Despite well-intentioned Christian scholars and apologists, there is not a single empirical refutation that can stand against the reality that the original text cannot be found by using scientific methods. One might be bold enough to take a stand on every variant unit in the corpus of the modern critical text, but they will be met by an overwhelming amount of scholars who reject the readings they have chosen by utilizing the same exact methodology. In fact, this is the reason many have rejected the Tyndale House Greek New Testament. Ultimately, even the most conservative Christians in the reasoned eclectic camp must pad their conclusions with “probably”, “might be”, and “could be”. 

To demonstrate this point, see these quotations from Dirk Jongkind’s An Introduction to the Greek New Testament

“I have no problems with the notion that God has preserved his Word. On the contrary, I believe he did. But I do not believe that God is under any obligation to preserve every detail of Scripture for us, even though he granted us good access to the text of the New Testament” (90).

“To say that God inspired the words of the New Testament does not mean that God is therefore under an obligation to preserve for us each detail” (23).

Notice that in one breath, Jongkind affirms preservation, and in the next rejects that it has been preserved totally.

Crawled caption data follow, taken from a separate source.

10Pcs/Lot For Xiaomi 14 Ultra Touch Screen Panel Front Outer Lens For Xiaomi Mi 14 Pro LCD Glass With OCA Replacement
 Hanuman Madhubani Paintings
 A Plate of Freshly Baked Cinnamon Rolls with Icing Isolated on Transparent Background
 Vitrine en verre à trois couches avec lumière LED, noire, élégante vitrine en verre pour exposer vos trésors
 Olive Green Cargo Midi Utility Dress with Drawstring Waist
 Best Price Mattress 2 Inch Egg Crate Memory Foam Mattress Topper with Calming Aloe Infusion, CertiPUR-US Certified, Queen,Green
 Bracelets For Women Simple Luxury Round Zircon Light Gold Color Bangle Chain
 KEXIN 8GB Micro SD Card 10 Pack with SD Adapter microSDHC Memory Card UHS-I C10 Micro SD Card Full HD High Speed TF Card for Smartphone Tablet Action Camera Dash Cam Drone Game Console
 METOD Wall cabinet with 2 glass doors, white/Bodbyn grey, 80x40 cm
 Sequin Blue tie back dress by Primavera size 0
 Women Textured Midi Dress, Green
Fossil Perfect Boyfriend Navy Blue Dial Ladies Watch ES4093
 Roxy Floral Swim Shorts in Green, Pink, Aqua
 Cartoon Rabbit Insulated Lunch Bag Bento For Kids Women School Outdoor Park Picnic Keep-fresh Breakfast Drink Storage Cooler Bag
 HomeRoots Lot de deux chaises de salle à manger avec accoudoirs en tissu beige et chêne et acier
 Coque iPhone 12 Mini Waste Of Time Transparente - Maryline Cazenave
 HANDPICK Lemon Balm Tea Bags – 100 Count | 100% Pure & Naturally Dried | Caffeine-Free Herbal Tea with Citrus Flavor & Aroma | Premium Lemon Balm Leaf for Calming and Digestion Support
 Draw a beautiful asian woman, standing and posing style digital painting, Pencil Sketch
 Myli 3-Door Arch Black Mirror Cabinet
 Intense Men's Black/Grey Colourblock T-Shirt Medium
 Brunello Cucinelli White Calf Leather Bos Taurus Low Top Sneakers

Scripture has been preserved, just not in every place. It would be more transparent for those who hold to this position to say that “God has preserved most of His Word”. When this theology is applied to the actual text of Scripture, it just aligns with the same exact perspective as those that believe the Word of God is a human product that cannot and has not ever been preserved in its original form. This is because the places where God has not totally preserved His Word just so happen to be the same places that the secular scholarship agrees cannot be determined with absolute certainty. Despite the well meaning efforts of believing textual scholars to hold onto an orthodox view of preservation, they have had to change the meaning of preservation entirely in order to have an empirical argument. Jongkind admits as much that that is what he, and like minded Christians, are doing when they engage in textual criticism.

Therefore, Textus Receptus proponents avoid the historical question, “Is this the text backed up by the best historical evidence? By answering the following theological question in the affirmative: Is this the text given to us by God? (89)

Well-intentioned Christians have to denigrate and attack another Christian position that actually believes in a finished product of God’s Word in order to justify their theological position that the Word of God has only been preserved in parts. If they can demonstrate that there is not a single form of God’s Word that has been preserved, they can justify the work that is being done today. The modern critical position is only appealing when the other positions are mocked, shamed, or otherwise discredited. 

The problem with statements like these, which seem scientific and logical, is that they do not carry the weight that they seem to carry. In the question, “Is the text backed up by the best historical evidence?” there is a monumental assumption that the modern text is backed up by historical evidence. Yet even the evidence that is produced for the various forms of the modern text, the very same scholars who belittle the Textus Receptus admit that their science is not certain or verifiable. This is not a controversial opinion, there is even a symbol in the NA28 apparatus which literally designates when a verse cannot be determined to be original by empirical methods. And in every case where an empirical stand is taken on a textual variant, there is never absolute agreement. At the end of this pursuit, the only thing that has been produced is not a Bible, but bibles. Modern New Testament text critical scholars have not succeeded at the goal of producing a text. 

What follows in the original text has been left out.